If they were like a couple of dollars I might think about it. But at nearly $15, no way. A crochet hook works just fine. If you have to repair a section of knit stitches and then a section of purl, just turn the work over and proceed as before. This tool sounds like a good idea, but the price negates that.


----------



## dauntiekay (Jan 18, 2014)

laceandbits said:


> Don't think masking taping them together would work as the whole point is that you need to be able to slide the shaft through the stitch to pull one through from one side and the next from the other for garter stitch or other-than-stocking-stitch knitting.
> 
> But I'm with JJ as for the few occasions it's needed it's no great hassle to use two hooks or even just change one from side to side. And it's rarely more than a row or two anyway if it's a dropped stitch. I mostly don't even bother to get out a hook - I just hitch the stitch up onto the needle tip, put the appropriate bar of thread over and knit it off in the right direction. Repeat.
> 
> For a pattern I can see that *possibly* you may notice a single stitch knitted the wrong way rows down, but for garter stitch??? Nah. When you're knitting all the stitches every row you're not going to suddenly throw in a random purl one. And if you did, you'd find it on the very next row anyway.

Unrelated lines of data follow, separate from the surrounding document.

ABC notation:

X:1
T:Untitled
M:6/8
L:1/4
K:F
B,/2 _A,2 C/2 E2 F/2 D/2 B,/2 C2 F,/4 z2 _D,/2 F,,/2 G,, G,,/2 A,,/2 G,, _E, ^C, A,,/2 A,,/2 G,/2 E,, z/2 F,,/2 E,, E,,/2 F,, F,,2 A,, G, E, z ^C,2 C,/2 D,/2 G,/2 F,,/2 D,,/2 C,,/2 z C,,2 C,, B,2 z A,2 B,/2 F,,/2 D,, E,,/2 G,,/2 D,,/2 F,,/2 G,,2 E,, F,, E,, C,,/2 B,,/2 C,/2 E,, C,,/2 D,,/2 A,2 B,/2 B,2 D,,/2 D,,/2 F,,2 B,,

Good to know--I'm sure if I had carried it out I would have discovered the difficulty. Sometimes I get ideas that are good and other times not so good. lol


----------



## Vique (Oct 28, 2011)

I just use a crochet hook, same difference.


----------



## Jessica-Jean (Mar 14, 2011)

laceandbits said:


> ... When you're knitting all the stitches every row you're not going to suddenly throw in a random purl one. And if you did, you'd find it on the very next row anyway.

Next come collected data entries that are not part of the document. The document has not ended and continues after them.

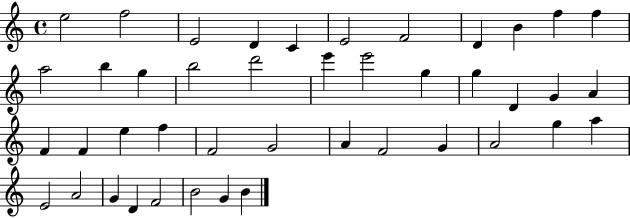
{
  \clef treble
  \time 4/4
  \defaultTimeSignature
  \key c \major
  e''2 f''2 | e'2 d'4 c'4 | e'2 f'2 | d'4 b'4 f''4 f''4 | \break a''2 b''4 g''4 | b''2 d'''2 | e'''4 e'''2 g''4 | g''4 d'4 g'4 a'4 | \break f'4 f'4 e''4 f''4 | f'2 g'2 | a'4 f'2 g'4 | a'2 g''4 a''4 | \break e'2 a'2 | g'4 d'4 f'2 | b'2 g'4 b'4 | \bar "|."
}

I've found myself working garter stitch mitred squares and doing it almost on autopilot. And discovered I'd thrown in not a single purl stitch but almost full rows of purl! Autopilot isn't always flawless!


----------



## ralphie (Dec 3, 2011)

Very cool!


----------



## colleenmay (Apr 5, 2012)

I think it is a very neat idea and have ordered one. Of course, I went to Amazon where the price is much lower. But it looks to me like a tool that will alleviate a lot of frustration. And I have a lot of tools in my bag of tricks that are probably unnecessary, but they make knitting more fun for me.


----------



## colleenmay (Apr 5, 2012)

kerobinson said:


> and totally unnecessary!!!!


I have lots of things that are 'unnecessary', like my umpteen needles and gazillion skeins of yarn. Some things are just more fun to use.


----------



## Jessica-Jean (Mar 14, 2011)

colleenmay said:


> I think it is a very neat idea and have ordered one. Of course, I went to Amazon where the price is much lower. But it looks to me like a tool that will alleviate a lot of frustration. And I have a lot of tools in my bag of tricks that are probably unnecessary, but they make knitting more fun for me.

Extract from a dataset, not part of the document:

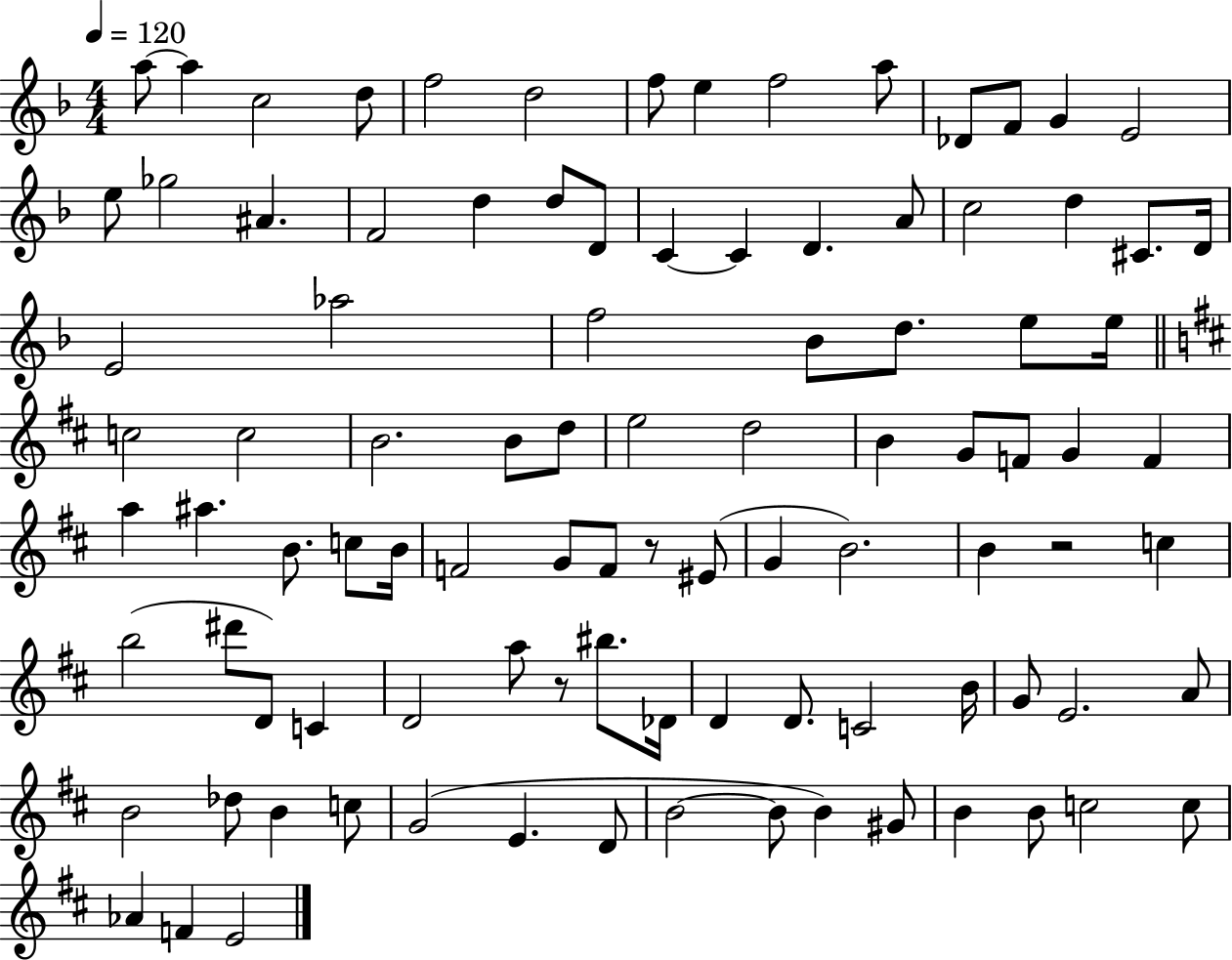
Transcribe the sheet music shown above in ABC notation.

Just for kicks, I looked for it on Amazon's Canadian site: 
http://www.amazon.ca/Fix-A-Stitch-3-Pack-S-M-L-Tools/dp/B007LAVFGK/ref=sr_1_1?ie=UTF8&qid=1411525032&sr=8-1&keywords=fix-a-stitch
http://www.amazon.ca/Fix-A-Stitch-LW-Lace-2-Pack-/dp/B00IRMJANQ/ref=sr_1_9?ie=UTF8&qid=1411525032&sr=8-9&keywords=fix-a-stitch
http://www.amazon.ca/FIX-Fix---Stitch-Tool-Set/dp/B00M8OMF7C/ref=sr_1_7?ie=UTF8&qid=1411525032&sr=8-7&keywords=fix-a-stitch
http://www.amazon.ca/Fix---Stitch-2-Pack-knitting-repairs/dp/B00M8OPNS0/ref=sr_1_3?ie=UTF8&qid=1411525032&sr=8-3&keywords=fix-a-stitch

Far cry from the prices on Amazon.*com*:
http://www.amazon.com/FIX-12-S3Set-Fix-A-Stitch-Tool-Set/dp/B007LAVFGK/ref=sr_1_1?ie=UTF8&qid=1411525534&sr=8-1&keywords=fix-a-stitch
http://www.amazon.com/FIX-LW-Fix-A-Stitch-Lace-Tool/dp/B00IRMJANQ/ref=sr_1_2?ie=UTF8&qid=1411525534&sr=8-2&keywords=fix-a-stitch
http://www.amazon.com/Fix-A-Stitch-Straight-3-Pack/dp/B00IFDZTC8/ref=sr_1_6?ie=UTF8&qid=1411525534&sr=8-6&keywords=fix-a-stitch

I'll still pass on it. I just remembered that I can make my own with my sets of Denise hooks! http://www.knitdenise.com/collections/original-denise-kits/products/crochet-hook-kit-brights . Of course, now that I've seen their new, brightly coloured hooks, I just might 'need' to order another set or two ... Mine are the original pale matte-grey.


----------



## ssk1953 (Jan 29, 2012)

diamondbelle said:


> Here are some similar tools. I have the one from Joann's.
> 
> http://www.joann.com/susan-bates-silvalume-handi-tool/9823741.html
> 
> http://www.knittingtoday.com/product/20011.html


I have some of the Silvalume handi-tools also and I just love them. I bought several of them so I can have one in each of my tool boxes. They are perfect for dropped stitches.


----------



## laceandbits (Jun 23, 2011)

Jessica-Jean said:


> I've found myself working garter stitch mitred squares and doing it almost on autopilot. And discovered I'd thrown in not a single purl stitch but almost full rows of purl! Autopilot isn't always flawless!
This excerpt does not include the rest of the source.